**The data**
-------

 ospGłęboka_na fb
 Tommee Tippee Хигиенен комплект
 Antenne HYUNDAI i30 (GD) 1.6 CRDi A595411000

-------

**Task directions**
The listing above is to be transcribed in full, with no line omitted.

**Answer to this problem**
 ospGłęboka_na fb
 Tommee Tippee Хигиенен комплект
 Antenne HYUNDAI i30 (GD) 1.6 CRDi A595411000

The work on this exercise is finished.